Or maybe-just-maybe you were humane enough to be horrified at the death and destruction already wrought upon others?
Secretly, you might have planned it that way all along: double agent known only to himself; loyal only to your own narcissism; keen to betray as many people as possible.
Every which way, surely some sort of Gethsemane around midnight in Paris; through the wee small hours a Jacques Brel of a night of soul-searching, while you tramped the streets of the eighteenth arrondissement, waiting for a car to pick you up at 7am in Boulevard Barbes, and on to Belgium.
And is it true you didn’t tell your friends at first, then threatened to blow up their car when they demurred at driving you to Brussels?
Three Moroccan males and three spliffs en route, allegedly; police distracted by the whiff of Mary Jane to the point they let you past the checkpoint at Cambrai only 15 infamous minutes ahead of instructions to detain you.
Back a bit, before your marijuana mates picked you up, had you considered the very place where you were waiting, had you known about the broad boulevards and Baron Haussmann’s construction of modern Paris, designing out small-mindedness, supposedly, in a series of thoroughly modern thoroughfares, would it have made any difference?

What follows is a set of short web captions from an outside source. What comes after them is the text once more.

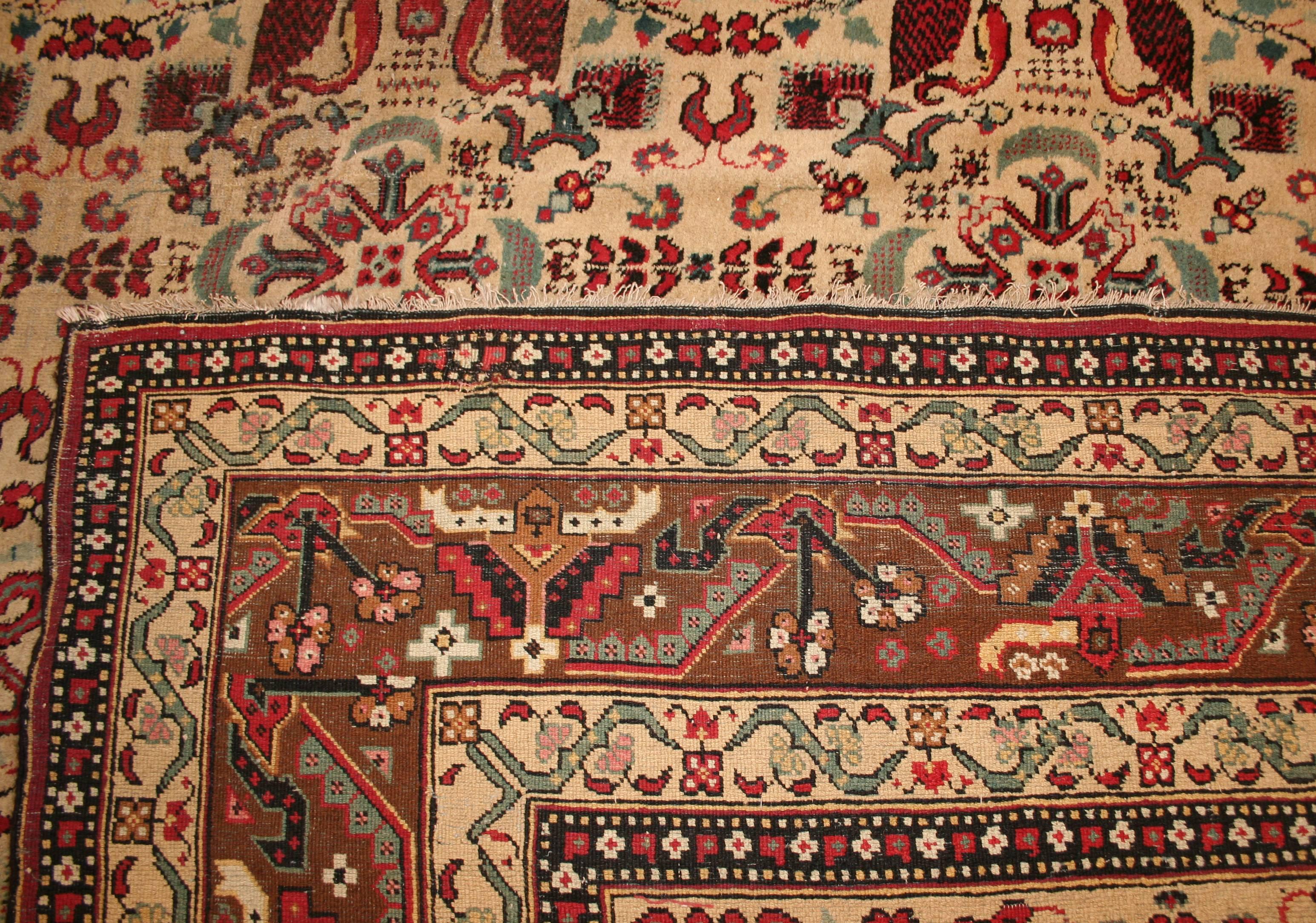 Late 19th Century Fine Antique Indian Ivory Agra Rug For Sale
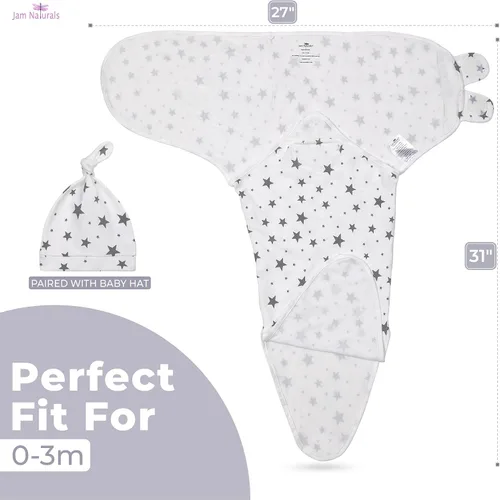 Miniatura 2 de Jam Naturals - Conjunto de 3 mantas y gorro de velcro ajustable con lazo orgánico, Gris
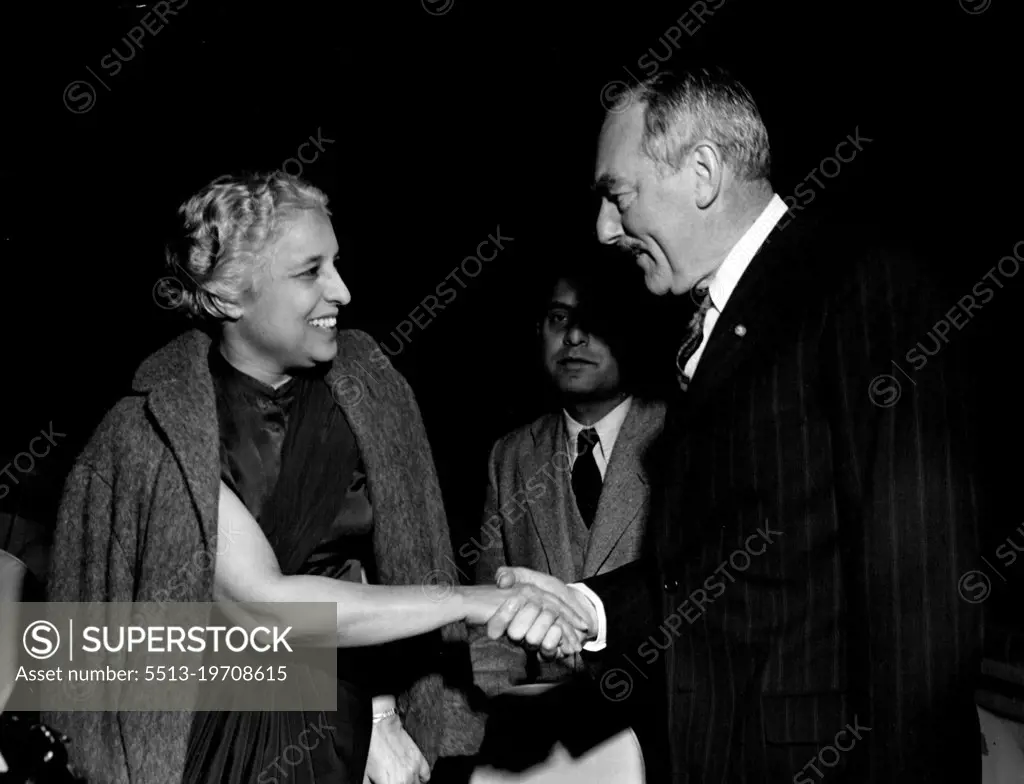 Women In The U.N. General Assembly Many nations have women among their top-ranking delegates to the 7th session of the United Nations General Assembly. This picture shows one of them, Mrs. Vijaya Lakshmi Pandit, Chairman of the delegation of India, shaking hands with Mr. Dean Acheson, U.S. Secretary of State. Mrs. Pandit is former Ambassador to Moscow and Washington.October 1, 1952.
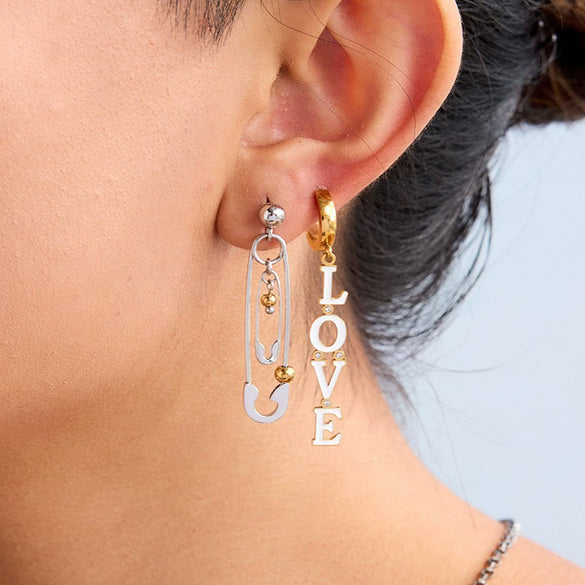 Titanium Steel Letter Earrings Electroplated Ins Style Jewelry For Women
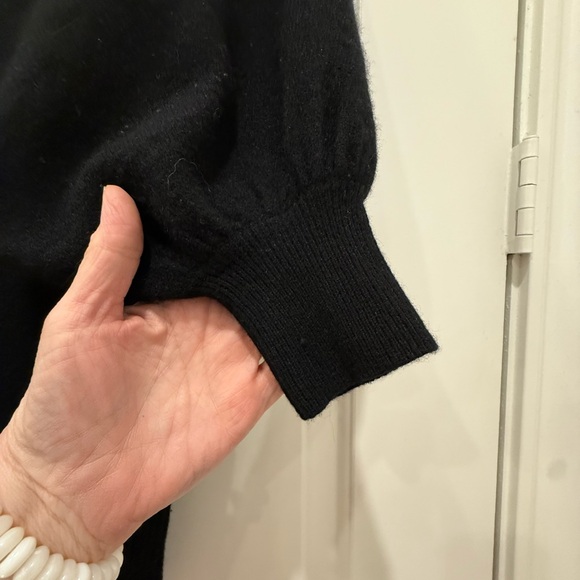 Anthropologie Cashmere Black Off-Shoulder Sweater - Picture 10 of 11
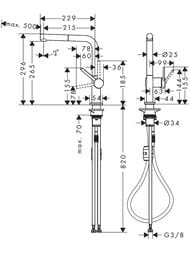 Чертёж Смеситель Hansgrohe Talis M54 для кухни 270 вытяжной поворотный излив, 1jet Eco, хром 72845000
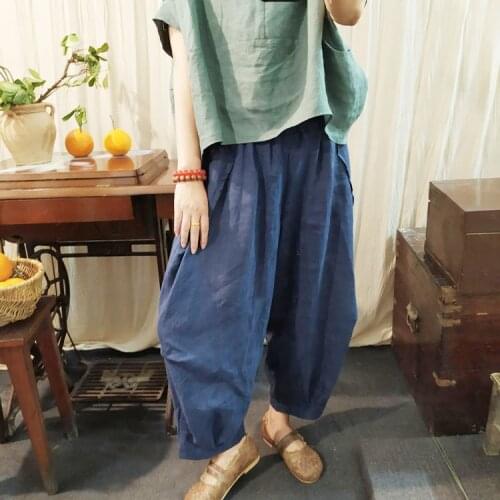Women Solid Color Elastic Waist Linen Pants Ladies Loose Flax Harem Pants Female 2020 Summer Autumn Harem trousers
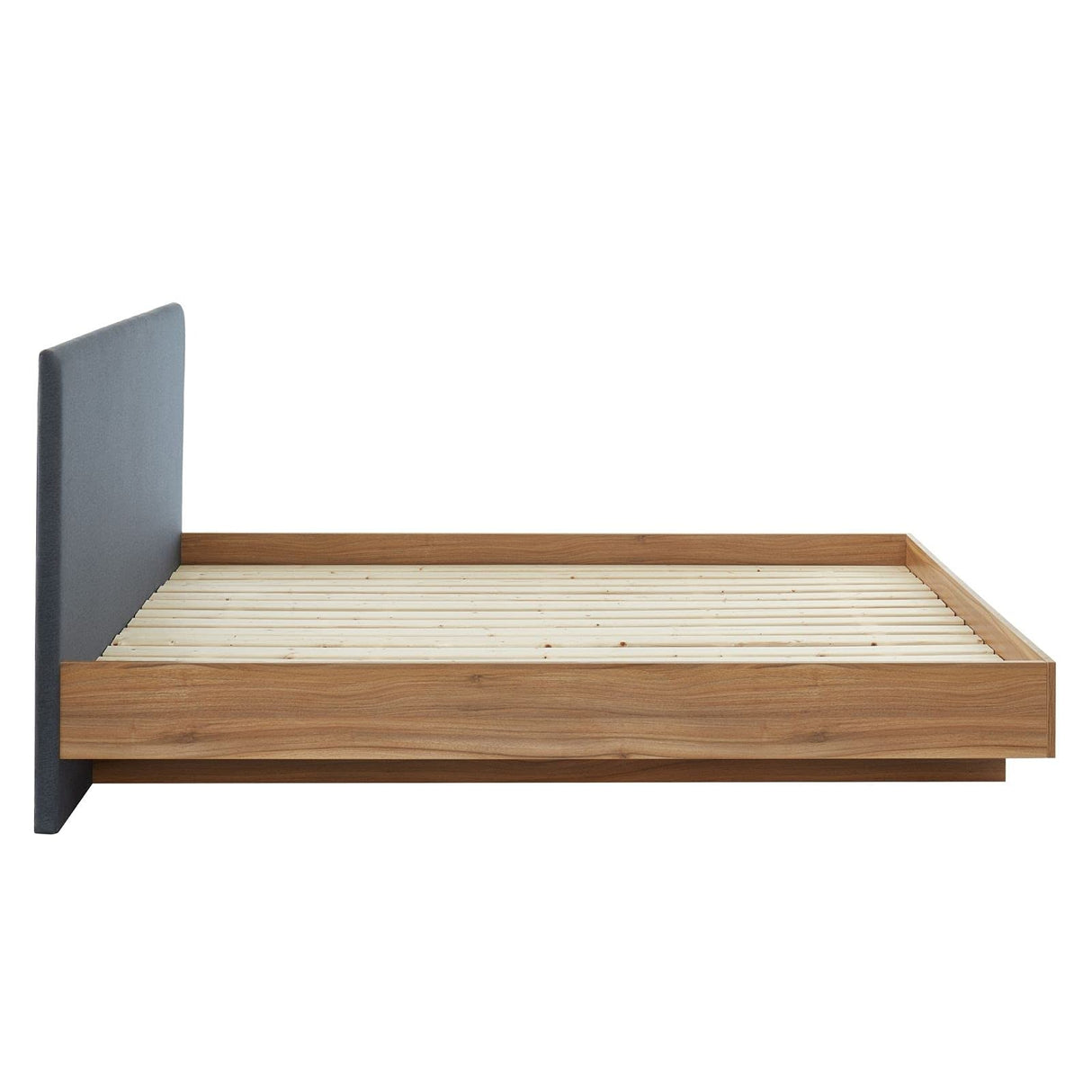 Wooden Floating Bed Frame Walnut Oak King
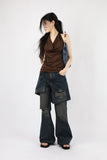 Long double wrap denim pants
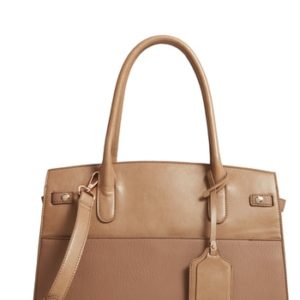 Sole Society Ladylike Faux Leather Satchel - Beige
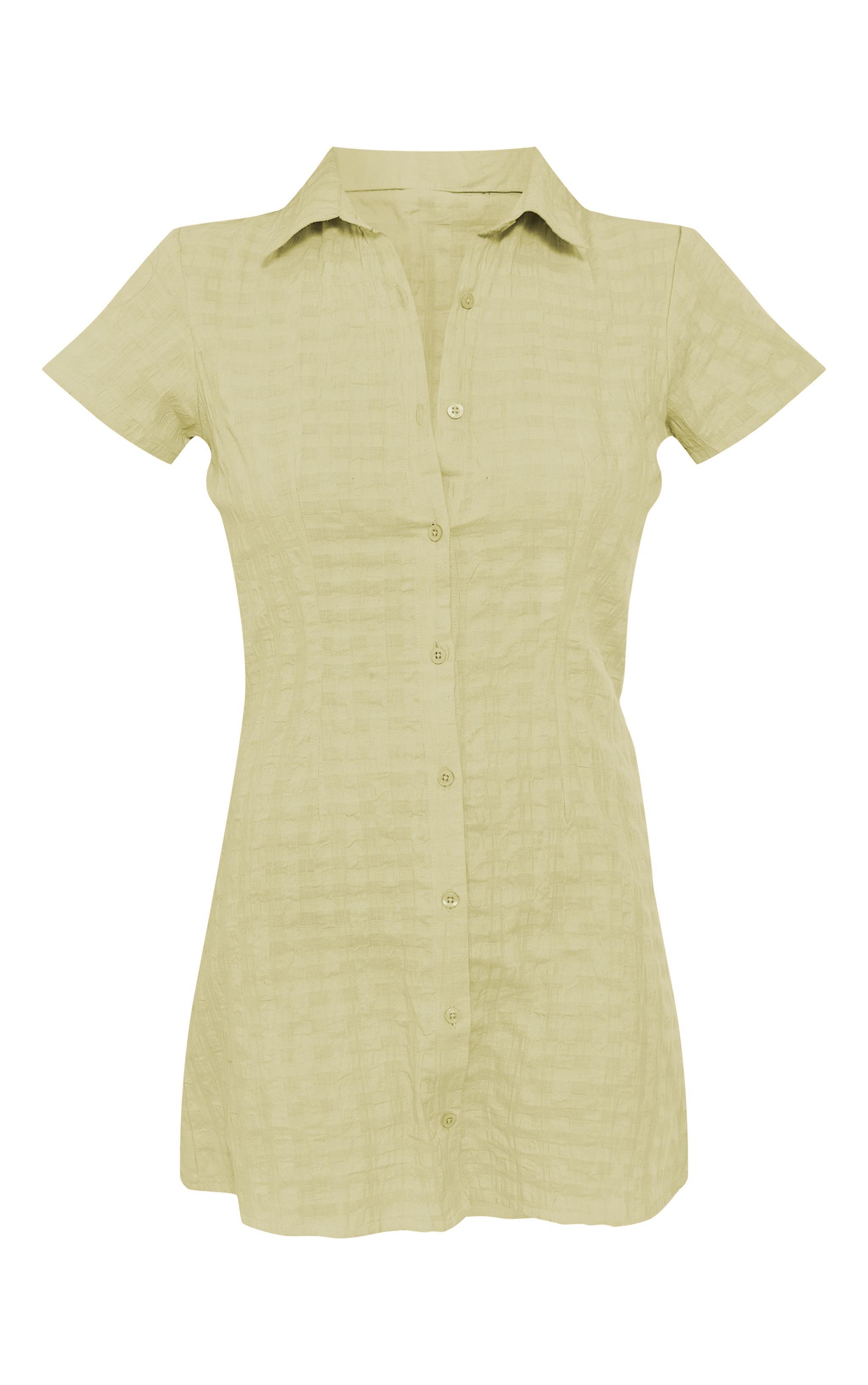 Sage Green Textured Cap Sleeve Shirt Dress Product Image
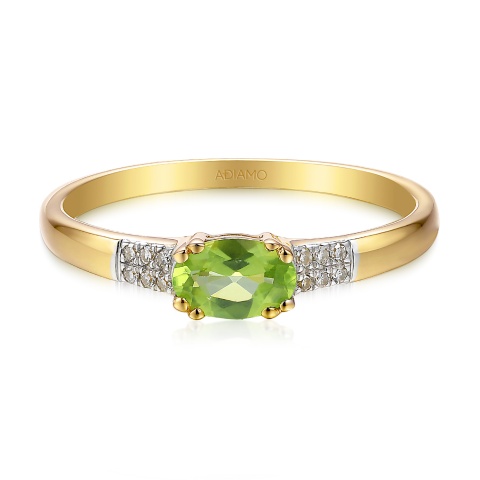 Pierścionek z perydotem i diamentami (R84145 Y PT)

Or, reading J-K Huysmans’ Against Nature and discussing the late nineteenth century Cult of Decadence at the Brussels bar you ran with your brother the bomber – perhaps this could have prompted a different outcome.
Maybe you’d done all these things anyway, with Les Fleurs du Mal as your Bible rather than the Koran – how else to explain the drinking, smoking, flirting only a few weeks before the Paris ‘jihad’?
And that vein of self-hatred – sticks out a mile – fits in perfectly with Charles Baudelaire, Paris poet prone to pungent cynicism.
My guess….likely no one taught you to read properly, more’s the pity.
(2) The Man In White, fugitive captured on CCTV shortly before bombs exploded at Brussels airport on Tuesday 22 March.
In an upside down world police wearing balaclavas are hunting the bad guy dressed in white.
Near the check-in desk at Zaventen, Mr White’s accessories included sunhat and glasses…and the two suicide bombers only seconds away from the atrocity that made their name.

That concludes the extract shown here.